Пара решила держать помолвку в тайне, пока Черчилль не напишет об этом матери Клементины в Лондон. Но на обратном пути он встретил своего друга Ф. Смита и проболтался. Дома он написал матери Клементины: «Я не богат и не обладаю властью, но ваша дочь любит меня, и с этой любовью я чувствую в себе достаточно сил, чтобы взять на себя великую и священную ответственность. Думаю, я смогу дать ей счастье и положение, достойные ее красоты и добродетели».
Черчилль попросил Клементину взять письмо с собой, поскольку она собиралась в этот день вернуться в Лондон. Но в последний момент он решил составить ей компанию, а потом привезти в Бленхейм и мать, и дочь. Он уехал с ней в Лондон и вернулся с ними обеими специальным поездом. «Он очень похож на лорда Рэндольфа, – написала мать Клементины подруге. – В нем видны некоторые его недостатки и все его достоинства. Он добрый и ласковый, нежен к тем, кого любит, и ненавидим теми, кто не подпал под его обаяние».
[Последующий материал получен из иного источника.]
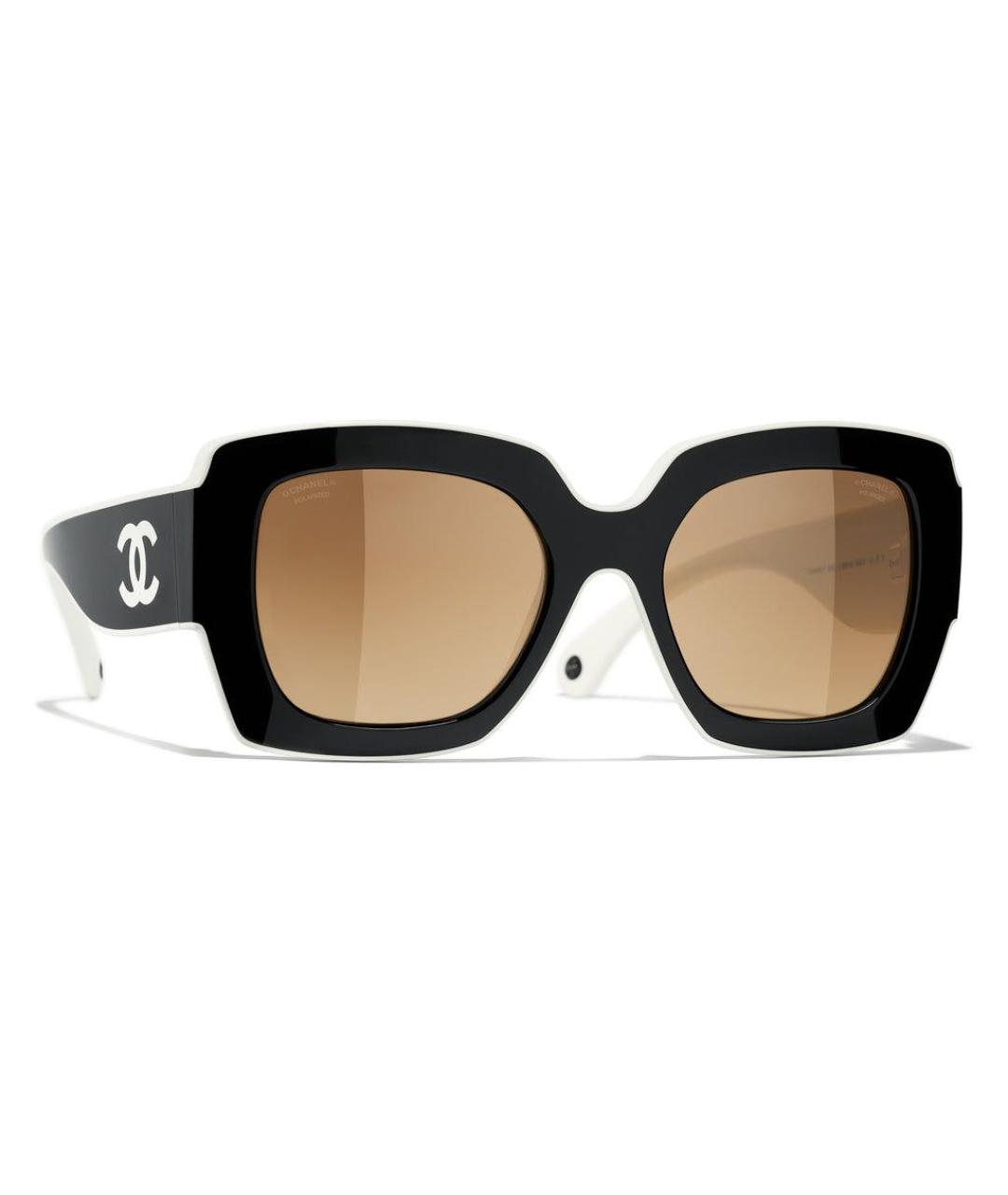 CHANEL Белые пластиковые солнцезащитные очки, фото 2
Новость о помолвке Черчилля вскоре стала известна обществу. «Уверен, этот союз придаст вам новые силы, – написал Морли, – и облегчит крутой и тяжелый подъем, который вам предстоит». Через два дня Черчилль был в Суонси, где, выступая с большой речью на тему англо-германских отношений, обрушился с критикой на тех, кто пытается распространять в стране слухи, что война между Великобританией и Германией неизбежна. «Морская политика любой партии, которая хочет удержаться у власти, – говорил он, – должна базироваться на разумных мерах защиты своих берегов. Это обеспечит Британии мирное развитие и в то же время избавит нас от проклятия континентального милитаризма. Не существует столкновения интересов – крупных, важнейших интересов – между Британией и Германией ни в одной части мира. Они одни из наших лучших партнеров, и, если с ними что-то случится, не знаю, что произойдет с рынком нашей страны».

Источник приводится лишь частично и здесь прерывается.